WHAT THE TASK REQUIRES
Reproduce exactly the lines from the one containing "J. Crew Factory" through the end of the entries, including both. Drop the pictures.

(Data excerpts)
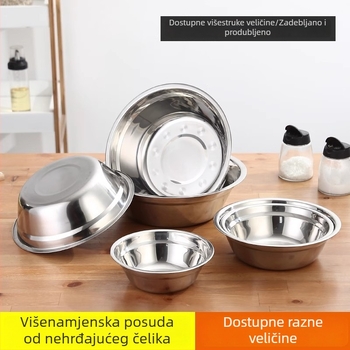 Nedmagnetna nerđajuća čelična 304, debela zdjela za juhu, kućna uporaba, višefunkcionalna zdjela za pranje povrća, zdjela za juhu i začine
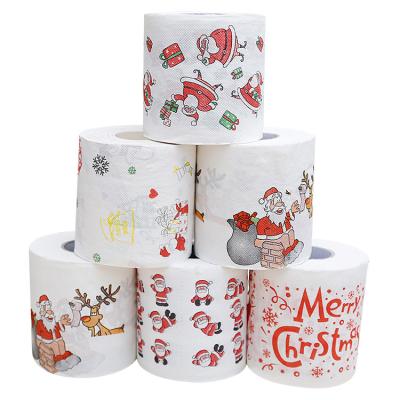 China Printed Customize Christmas Logo Industrial Hotel Retail Home Use Bathroom Tissue Paper Xmas Toilet Paper Soft Tissue Roll for sale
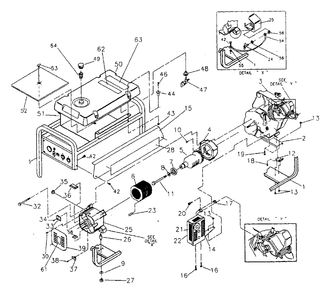Generator Diagram and Parts List for GN3800 (0486-0)(0486-0) Generac Generator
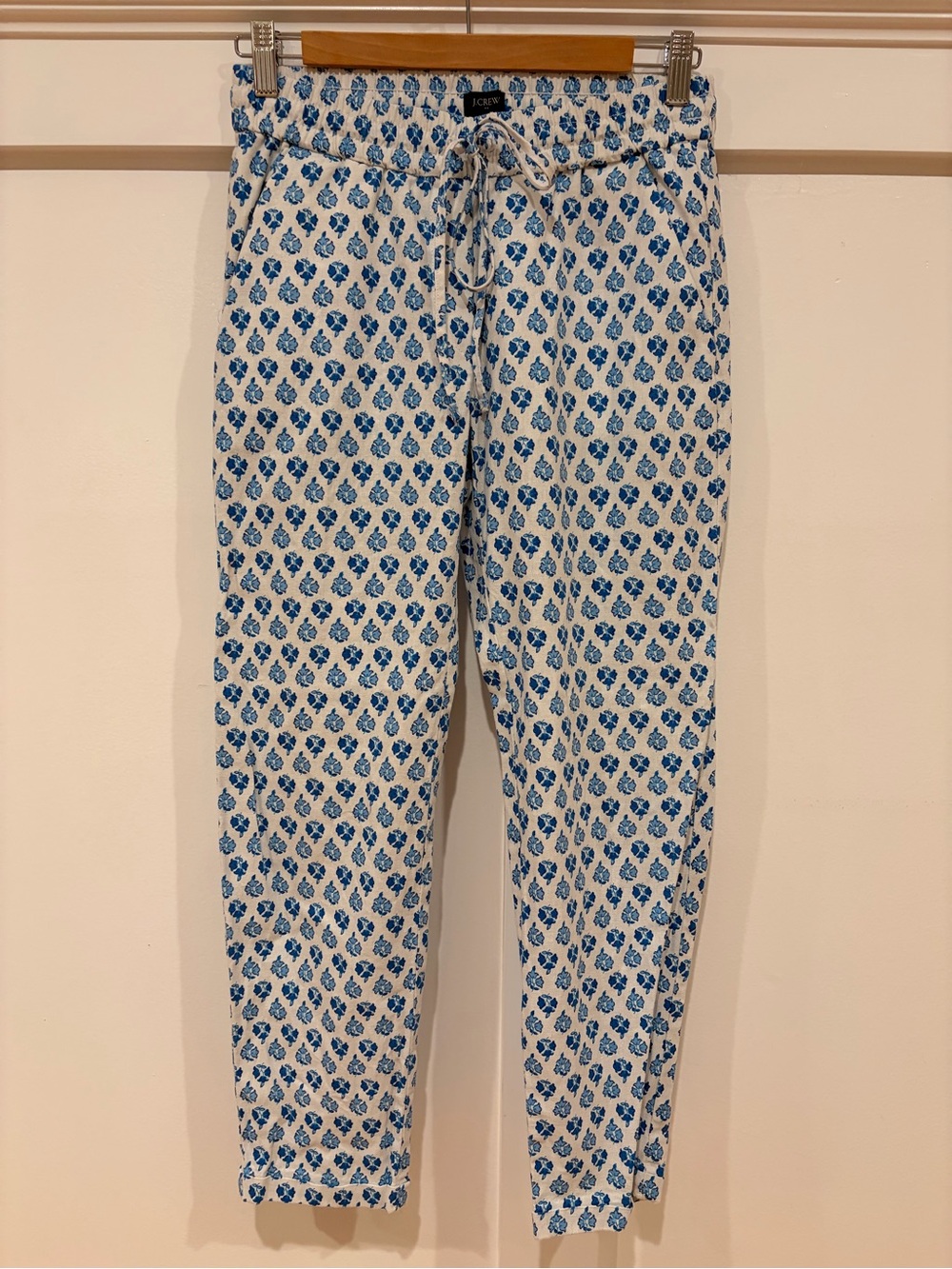J. Crew Factory White Ankle Pants with Blue Floral Print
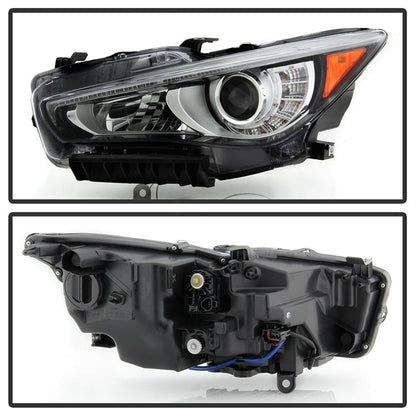 SPYDER 14-17  Infiniti Q50 HID (w/o Adaptive) Projector Headlights - OE Left 9946288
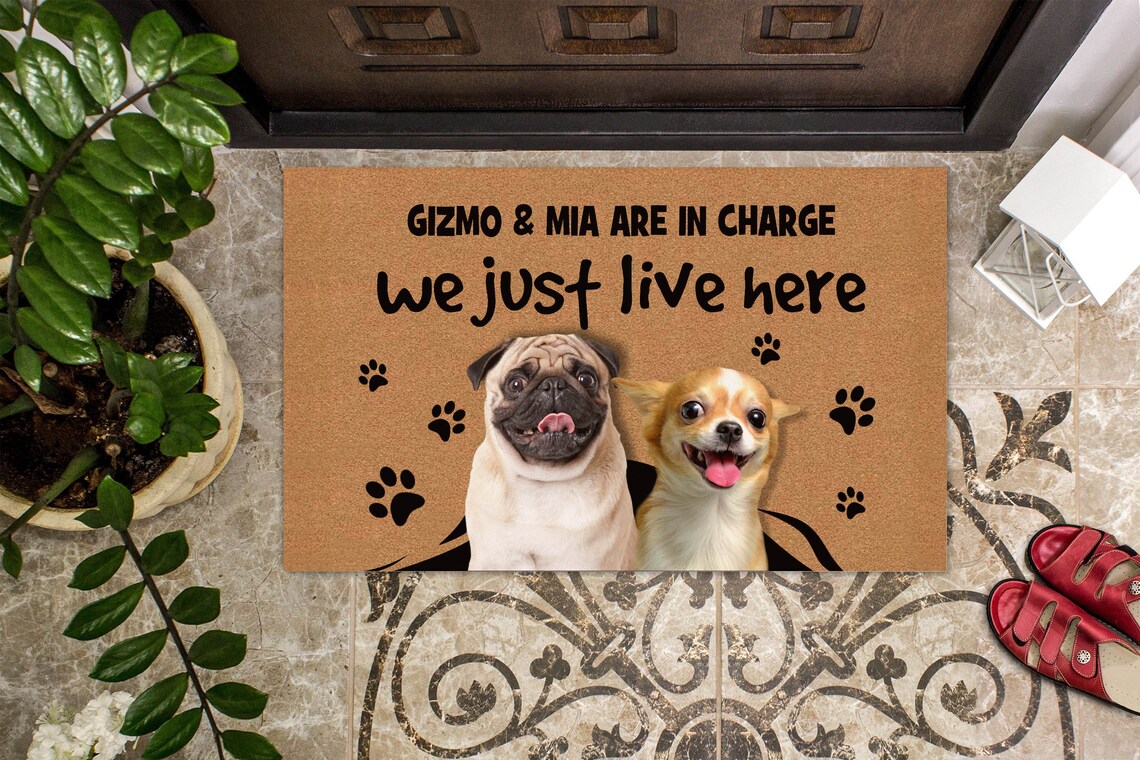 Custom Dogs Photo on Doormat Dog Housewarming Doormat Dogs Etsy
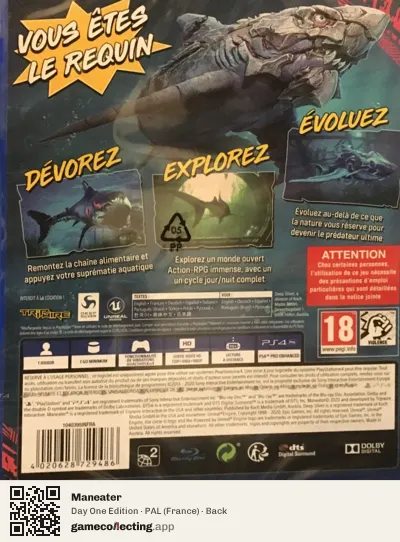 Maneater PlayStation 4, France box back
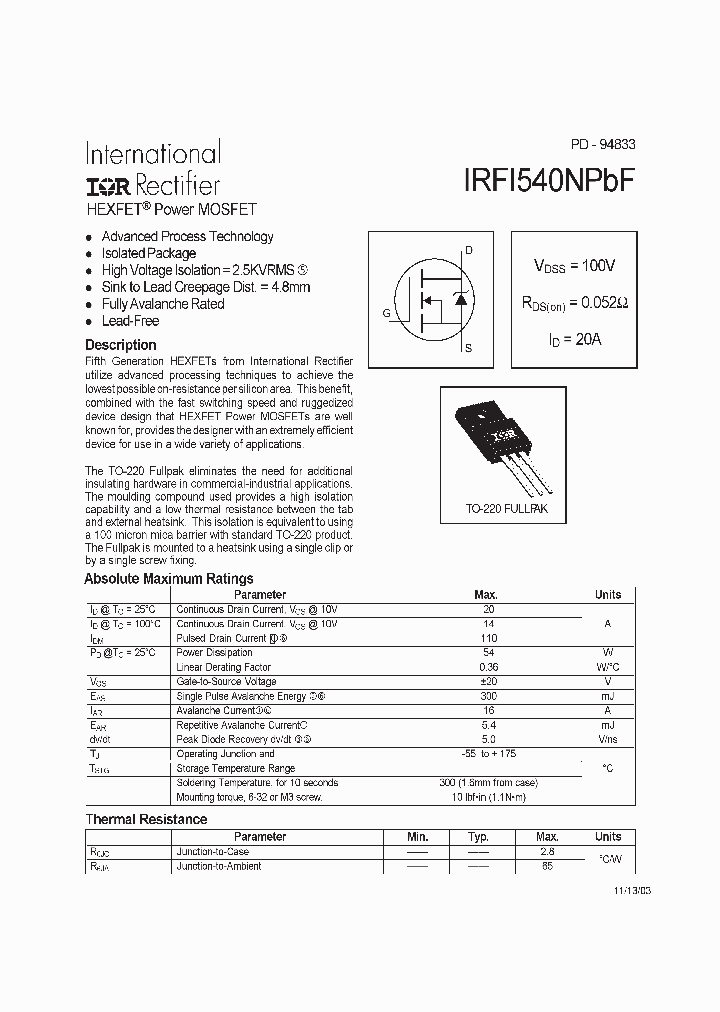 IRFI540NPBF_699459.PDF Datasheet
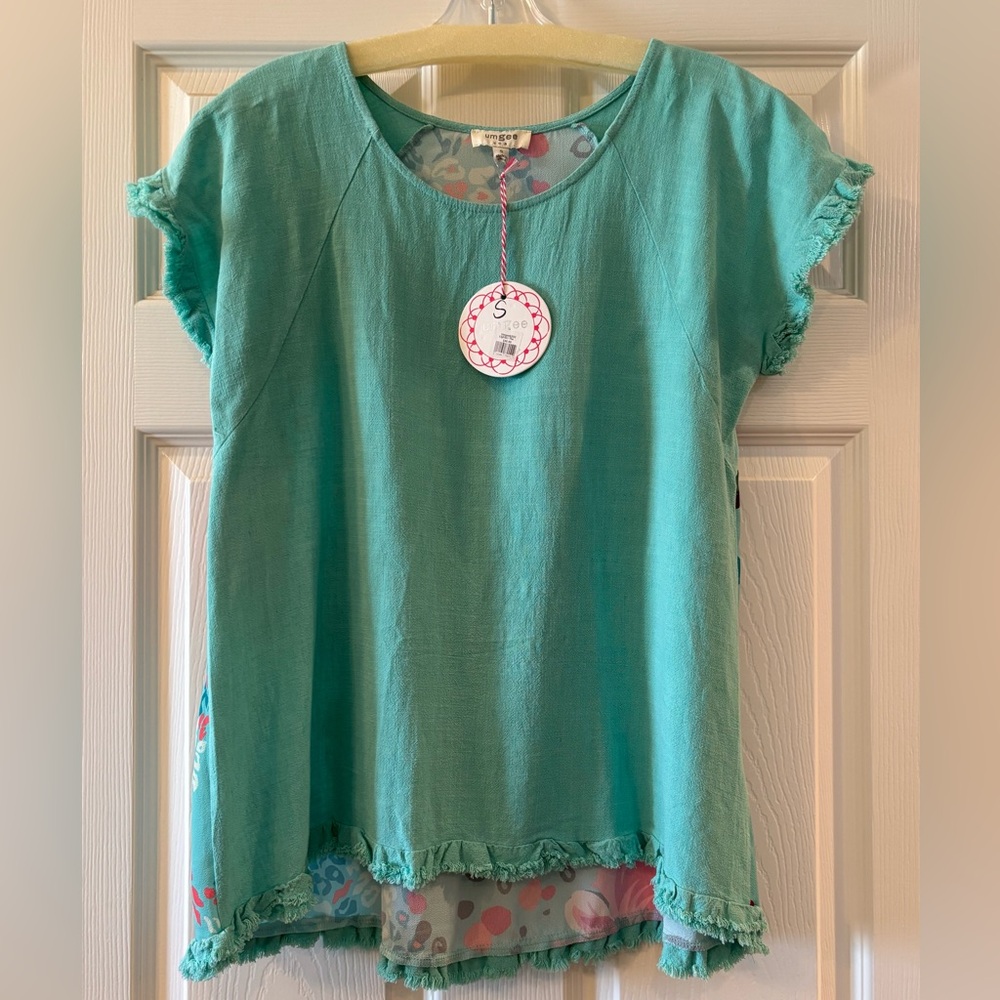 NWT Beautiful Blue Umgee Spring Shirt Size S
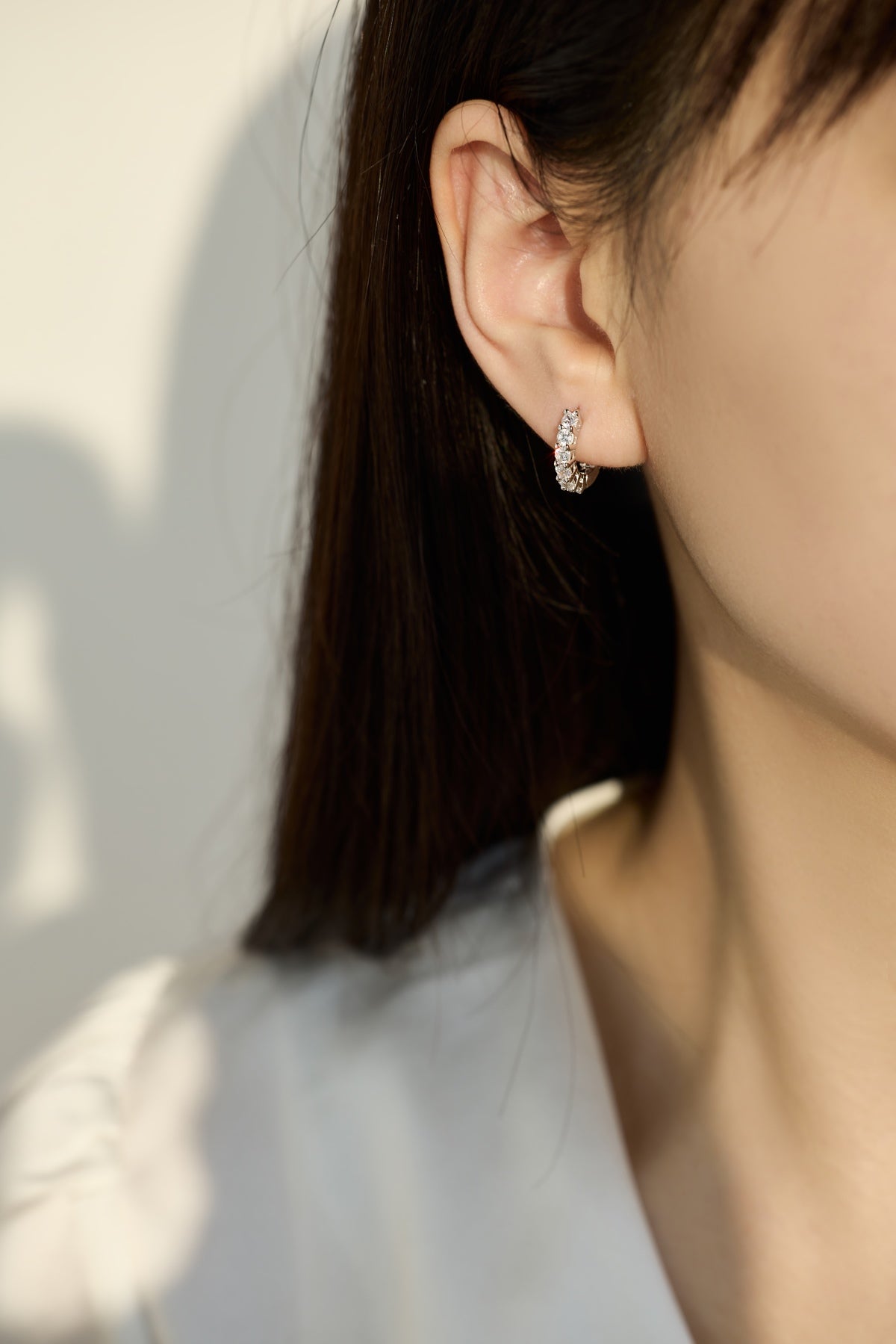 Pendientes de aro de moissanitas 1,26 ct en plata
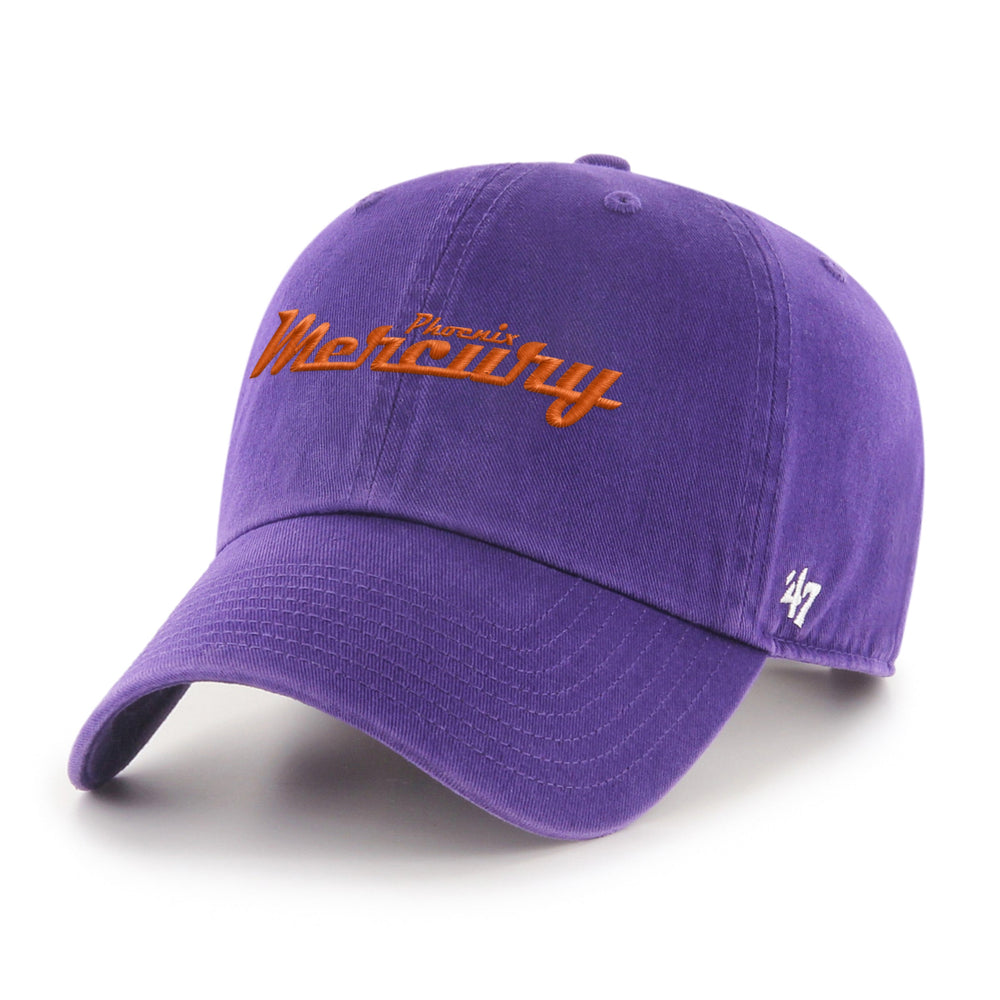 PHOENIX MERCURY BALLPARK SCRIPT SHOT '47 CLEAN UP PURPLE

RESULT
J. Crew Factory White Ankle Pants with Blue Floral Print
 SPYDER 14-17  Infiniti Q50 HID (w/o Adaptive) Projector Headlights - OE Left 9946288
 Custom Dogs Photo on Doormat Dog Housewarming Doormat Dogs Etsy
 Maneater PlayStation 4, France box back
 IRFI540NPBF_699459.PDF Datasheet
 NWT Beautiful Blue Umgee Spring Shirt Size S
 Pendientes de aro de moissanitas 1,26 ct en plata
 PHOENIX MERCURY BALLPARK SCRIPT SHOT '47 CLEAN UP PURPLE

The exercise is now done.